I'm a social smoker. I can go months without smoking. In my experience, this is pretty rare, as tobacco is usually an all-or-nothing addiction. I explained my level of usage to my doctor and she didn't seem alarmed at all. And yes, I use American Spirits. I recently switched to organic, though I think it's doubtful it makes a difference in the relative harm the smoke may do to me--helps keep crap out of the soil however.
So if you choose to smoke (yeah, not healthy, but how many paleos still drink beer or smoke certain herbs?), use American Spirit or similar. I don't have the facts to back this up, but I understand that most U.S. tobacco (e.g. Marlboros, Camels, etc.) is cured with sugar (I might have got that from Dufty--thanks Michael!). Ever made caramel? Imagine what that burnt sugar does to your lungs--I find the use of molasses with shisha mentioned in the article zohar cited above alarming. Not to mention the 400 or so other chemicals they use.
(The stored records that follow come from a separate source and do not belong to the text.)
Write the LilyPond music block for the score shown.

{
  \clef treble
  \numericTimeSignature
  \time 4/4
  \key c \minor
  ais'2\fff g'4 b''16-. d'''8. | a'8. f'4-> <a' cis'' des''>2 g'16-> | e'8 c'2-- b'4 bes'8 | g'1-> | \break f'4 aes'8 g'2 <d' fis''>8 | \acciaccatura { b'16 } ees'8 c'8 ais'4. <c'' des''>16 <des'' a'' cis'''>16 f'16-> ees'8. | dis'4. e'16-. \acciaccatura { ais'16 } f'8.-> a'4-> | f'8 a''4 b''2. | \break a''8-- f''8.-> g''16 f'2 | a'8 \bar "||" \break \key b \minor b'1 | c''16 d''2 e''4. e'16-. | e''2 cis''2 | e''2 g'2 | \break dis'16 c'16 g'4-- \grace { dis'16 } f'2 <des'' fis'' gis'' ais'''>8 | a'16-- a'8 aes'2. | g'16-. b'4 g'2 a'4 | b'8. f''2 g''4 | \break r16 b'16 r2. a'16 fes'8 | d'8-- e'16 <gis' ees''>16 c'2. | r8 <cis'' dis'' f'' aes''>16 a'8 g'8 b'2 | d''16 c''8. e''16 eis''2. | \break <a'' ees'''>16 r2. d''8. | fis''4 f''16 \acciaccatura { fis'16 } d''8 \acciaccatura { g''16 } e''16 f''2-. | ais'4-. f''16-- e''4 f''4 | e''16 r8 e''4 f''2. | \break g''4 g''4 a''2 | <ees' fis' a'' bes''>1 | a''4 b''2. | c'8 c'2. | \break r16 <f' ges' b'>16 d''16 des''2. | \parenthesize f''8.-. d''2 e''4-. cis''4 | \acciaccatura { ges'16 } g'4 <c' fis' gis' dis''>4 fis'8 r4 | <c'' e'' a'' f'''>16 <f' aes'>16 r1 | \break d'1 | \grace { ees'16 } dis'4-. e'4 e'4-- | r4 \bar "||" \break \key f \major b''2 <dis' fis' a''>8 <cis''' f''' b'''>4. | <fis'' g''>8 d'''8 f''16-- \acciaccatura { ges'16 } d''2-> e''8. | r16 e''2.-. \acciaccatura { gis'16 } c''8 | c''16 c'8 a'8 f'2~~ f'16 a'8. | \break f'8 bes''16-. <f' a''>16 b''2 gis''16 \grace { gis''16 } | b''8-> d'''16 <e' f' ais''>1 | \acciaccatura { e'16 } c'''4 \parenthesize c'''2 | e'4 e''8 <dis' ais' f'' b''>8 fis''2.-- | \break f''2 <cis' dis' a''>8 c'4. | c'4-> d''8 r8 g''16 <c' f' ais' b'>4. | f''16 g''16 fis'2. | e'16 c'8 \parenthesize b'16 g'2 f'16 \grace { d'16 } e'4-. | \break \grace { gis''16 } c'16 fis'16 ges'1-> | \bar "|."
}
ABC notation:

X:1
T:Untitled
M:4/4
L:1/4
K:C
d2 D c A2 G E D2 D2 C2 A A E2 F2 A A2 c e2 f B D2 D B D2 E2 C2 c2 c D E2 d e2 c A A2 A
Did Native Americans have lung problems that stemmed from ritual tobacco usage (I assume they didn't chain smoke) before Europeans came along and they changed their diets? Many tribes were at least semi-agricultural at that point anyway, but I don't know if that would make a difference.
With regards to the earlier post about tobacco and possible benefits, one poster said that nicotine is an analogue of epinephrine, and having ADHD, I know that I'm low on epinephrine. It's possible smoking helps me focus. I'm trying to improve my brain chemistry through diet, exercise and the judicious use of supplements (including amino acids), however. Seems a safer bet.